**Goal of the exercise**
Look below for the line with "Vektorhandgezeichnete Illustration eines" and the line with "Load image into". Copy exactly those two lines and every line between, but not the pictures.

-- Data supplied follows --

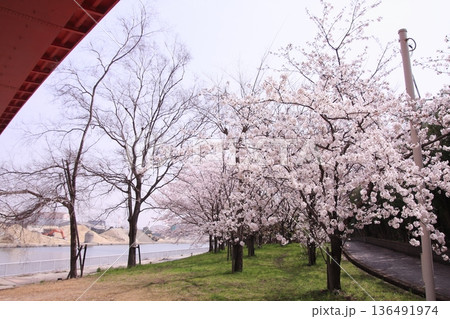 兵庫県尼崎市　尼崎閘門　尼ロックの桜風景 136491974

-- Data supplied concluded --
-- Data supplied follows --

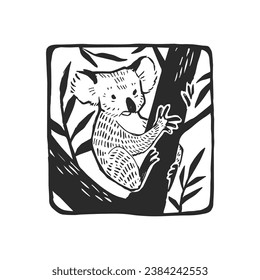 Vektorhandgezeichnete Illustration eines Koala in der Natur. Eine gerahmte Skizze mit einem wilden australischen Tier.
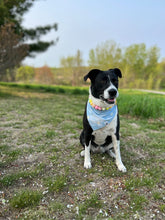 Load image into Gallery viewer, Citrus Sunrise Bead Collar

-- Data supplied concluded --
-- Data supplied follows --

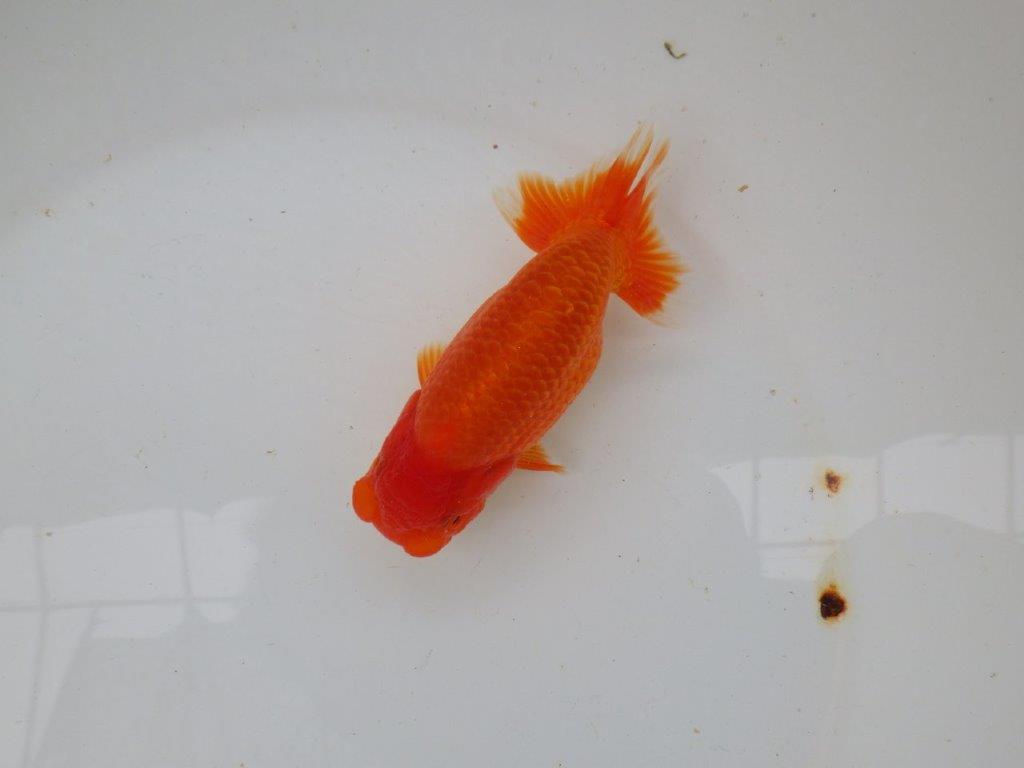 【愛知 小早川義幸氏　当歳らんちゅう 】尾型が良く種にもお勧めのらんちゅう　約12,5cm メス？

-- Data supplied concluded --

**Response below**
 Vektorhandgezeichnete Illustration eines Koala in der Natur. Eine gerahmte Skizze mit einem wilden australischen Tier.
 Load image into Gallery viewer, Citrus Sunrise Bead Collar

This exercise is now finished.